▶ [Caption-style text data]:
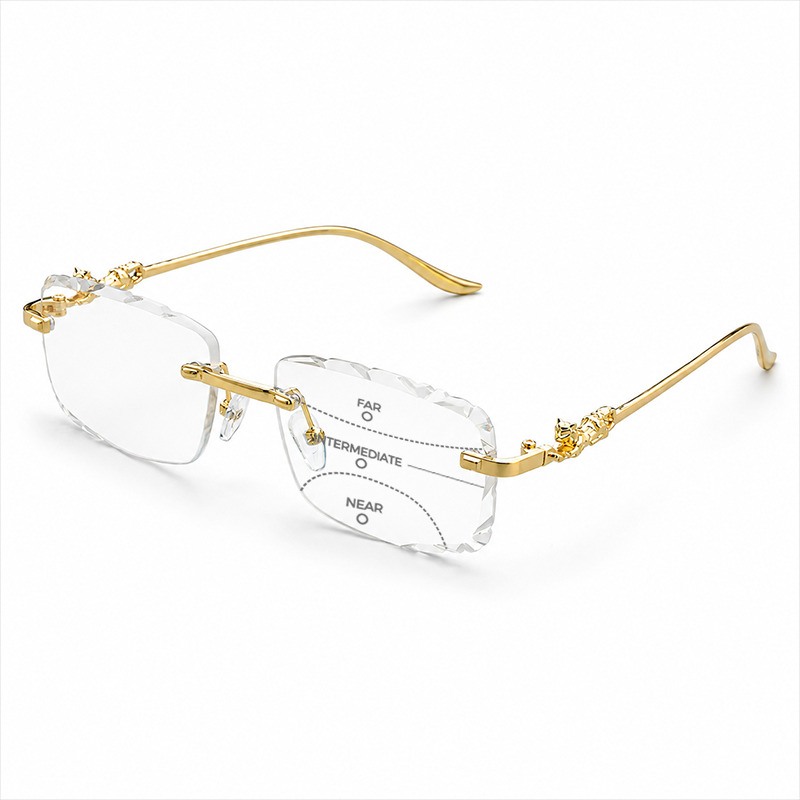 MEN’S RIMLESS READING GLASSES WITH PANTHER DETAILS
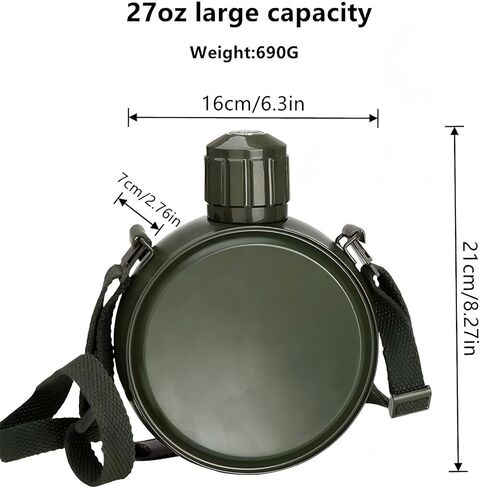 OutdoorPioneer Lightweight Insulated Canteen - 27oz Portable Stainless Steel Water Bottle with Compass Cap - Perfect for Hiking, Camping, Cycling, and Travel - Includes Gift Camo Bag in Saudi Arabia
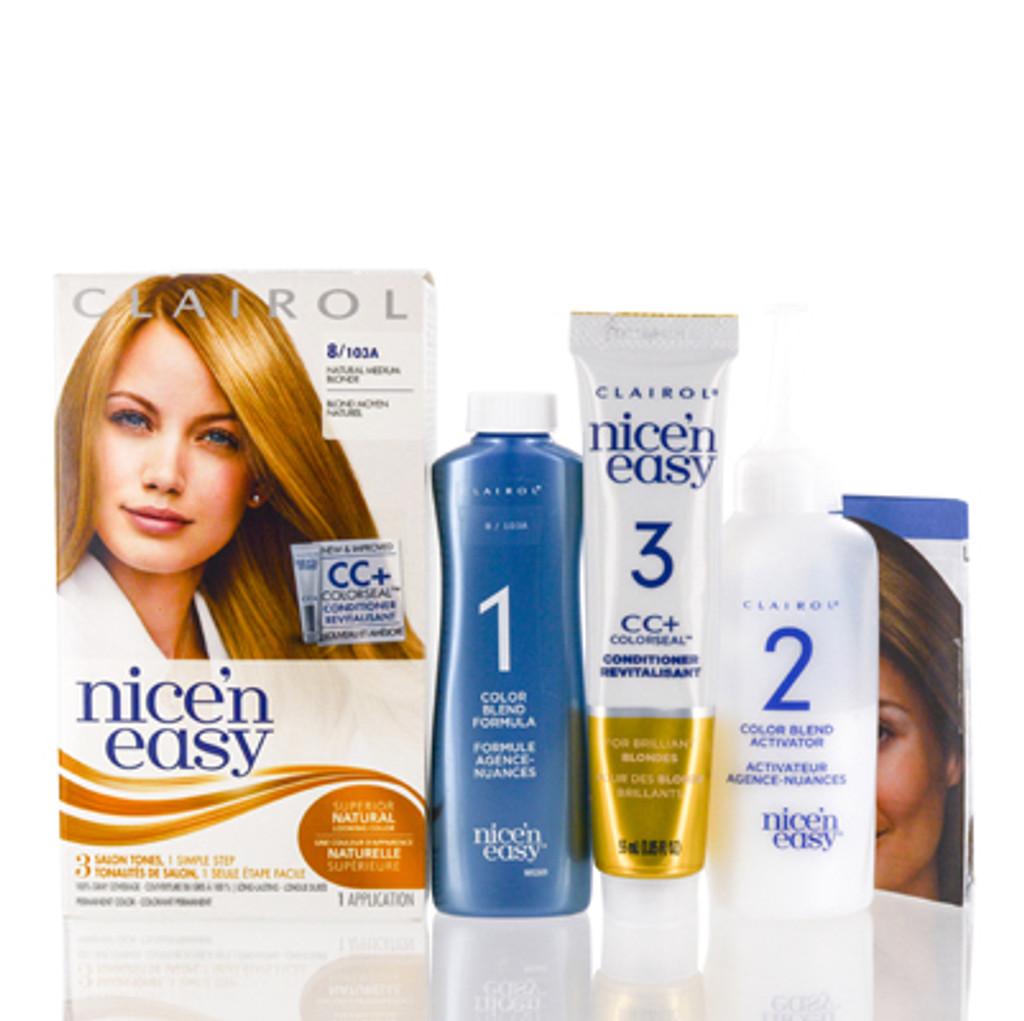  Clairol/Nice 'n easy 8/103a ערכת תערובת צבעים טבעית בינונית בלונדינית 8/103a טבעית בלונדינית בינונית 2.4 גרם מוליך תערובת צבעים 2.4 oz מרכך מרכך מחייה 1.85 oz כפפות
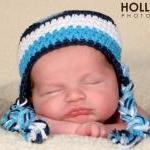 Crochet Blue Stripes Earflap Hat Newborn To..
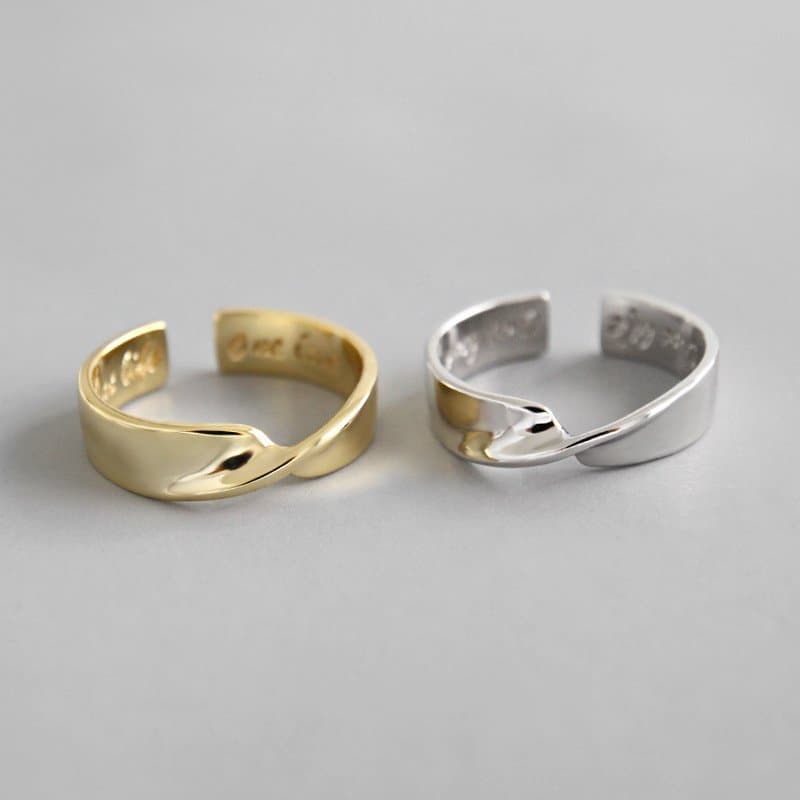 Twisted Cross 925 Sterling Silver Adjustable Ring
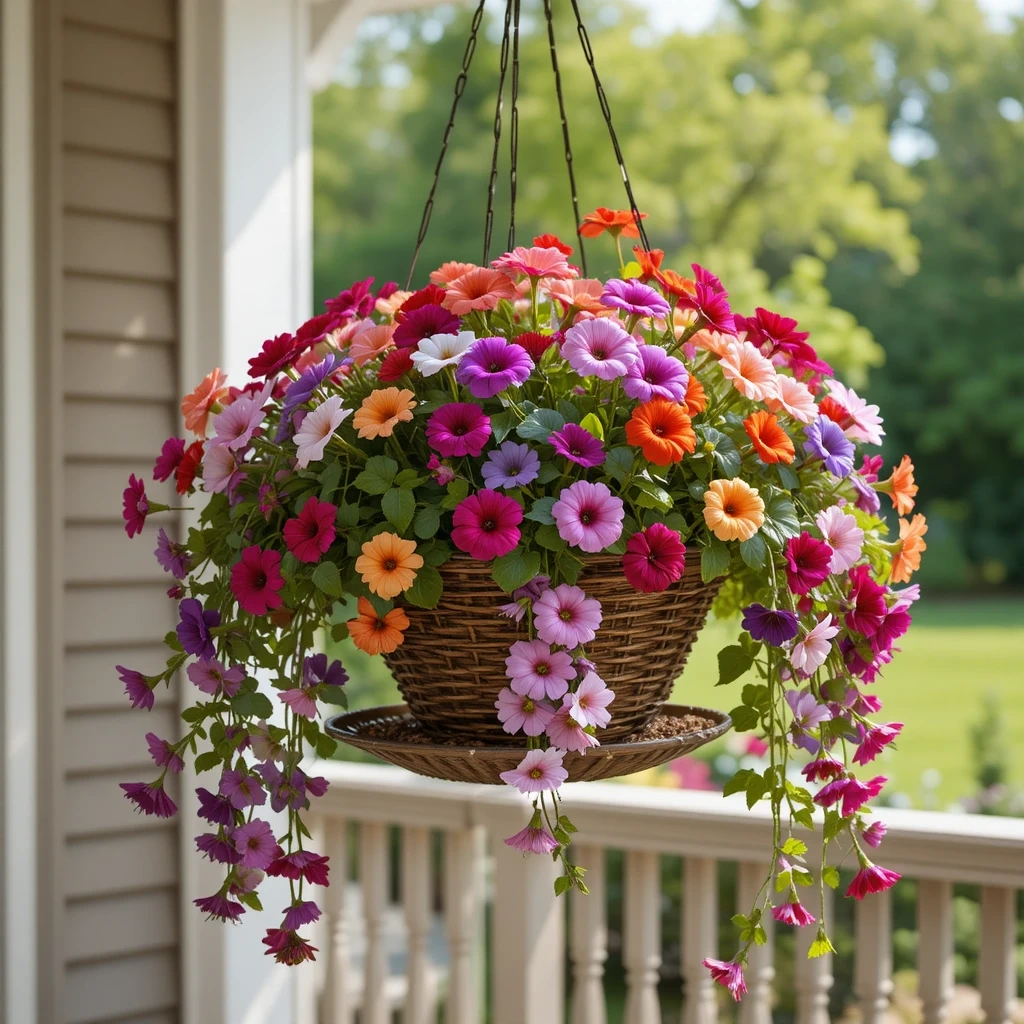 Hanging Basket Feeder with Flowers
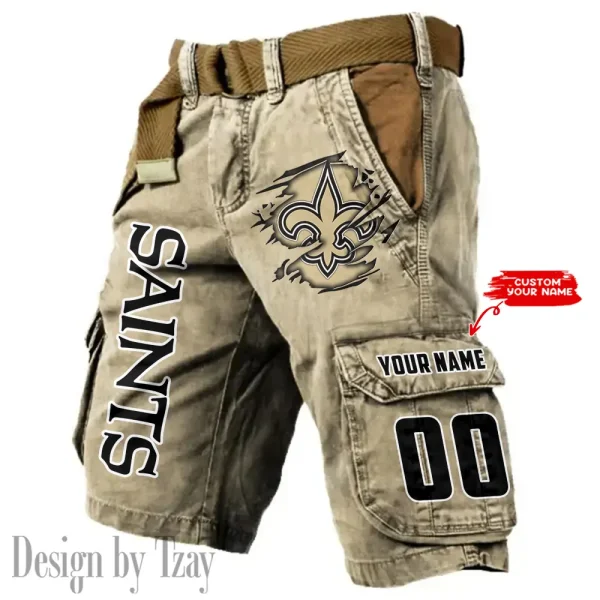 New Orleans Saints Pocket Print Cargo Shorts (Belt Not Included) trending 2025 S9MCS325 - Image 5
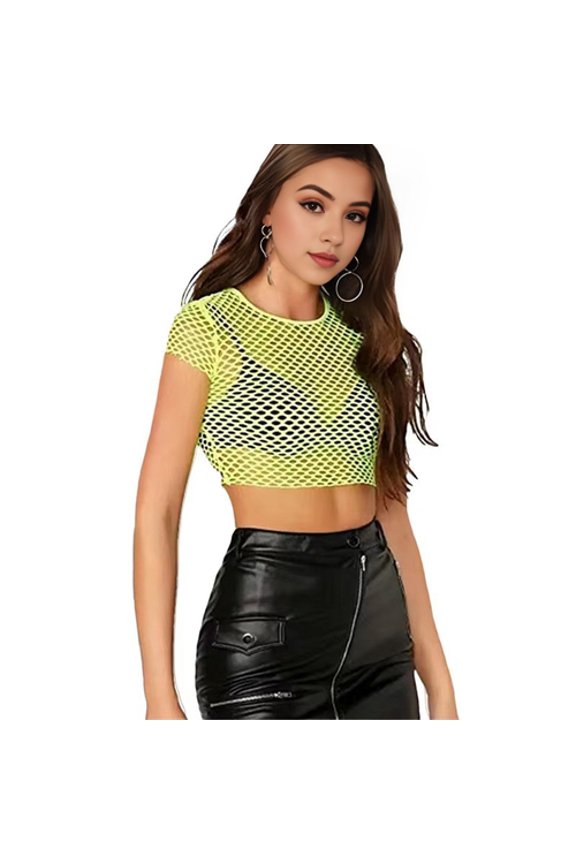 Sexy Sheer Mesh Crop Tops O-neck Short Sleeve Slim Fit Solid Color Perspective Short Top Navel Exposed Tee Shirt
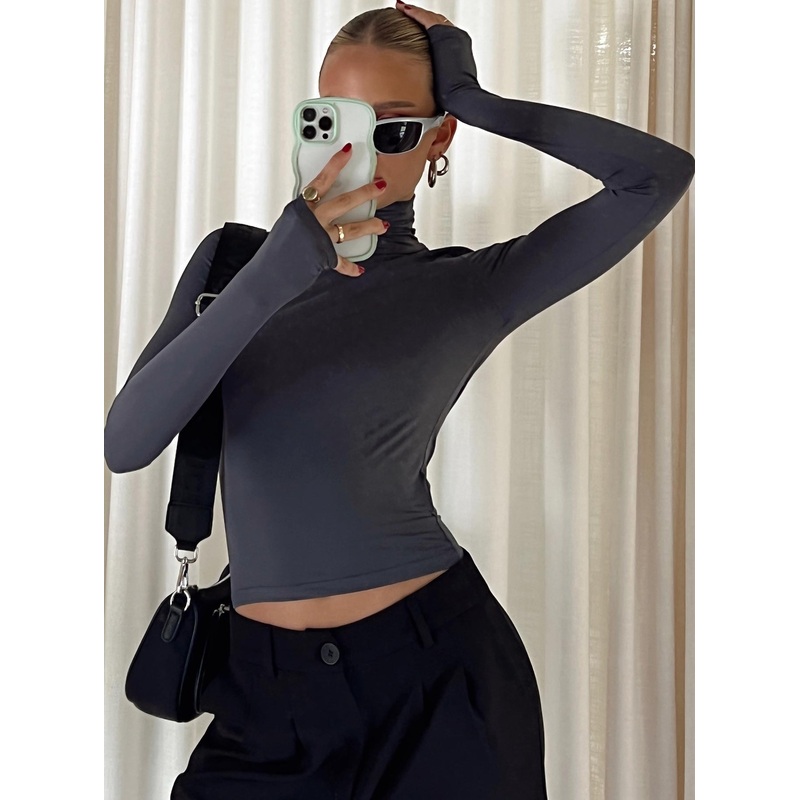 Elysium Long Sleeve Turtleneck Top Grey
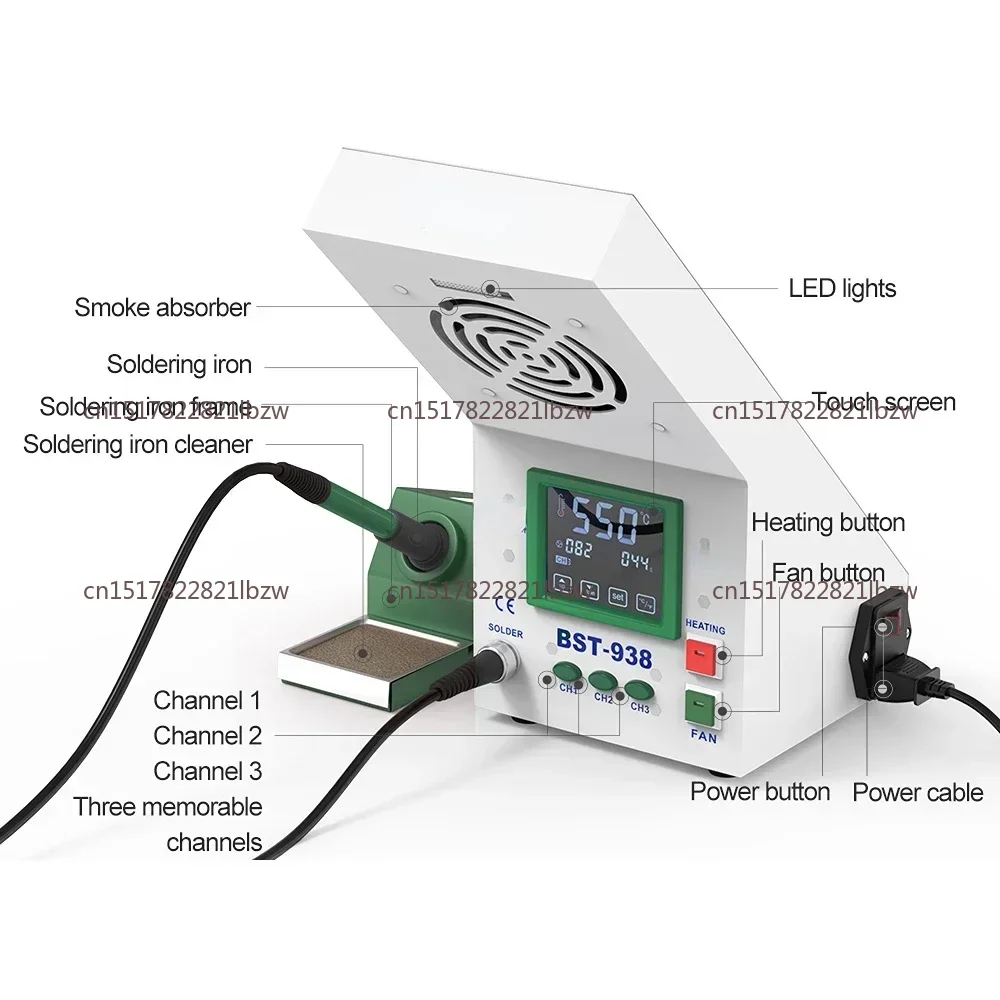 Hot SalesBST-938 Multi Function 3 In 1 LED Light Screen Touch Soldering Smoke Absorber Soldering Rework Station Soldering Iron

▶ [What you have to do]:
Copy every line exactly, from the opening line of the entries down to the line holding "OutdoorPioneer Lightweight Insulated", and keep the pictures out.

▶ [Result of the task]:
 MEN’S RIMLESS READING GLASSES WITH PANTHER DETAILS
 OutdoorPioneer Lightweight Insulated Canteen - 27oz Portable Stainless Steel Water Bottle with Compass Cap - Perfect for Hiking, Camping, Cycling, and Travel - Includes Gift Camo Bag in Saudi Arabia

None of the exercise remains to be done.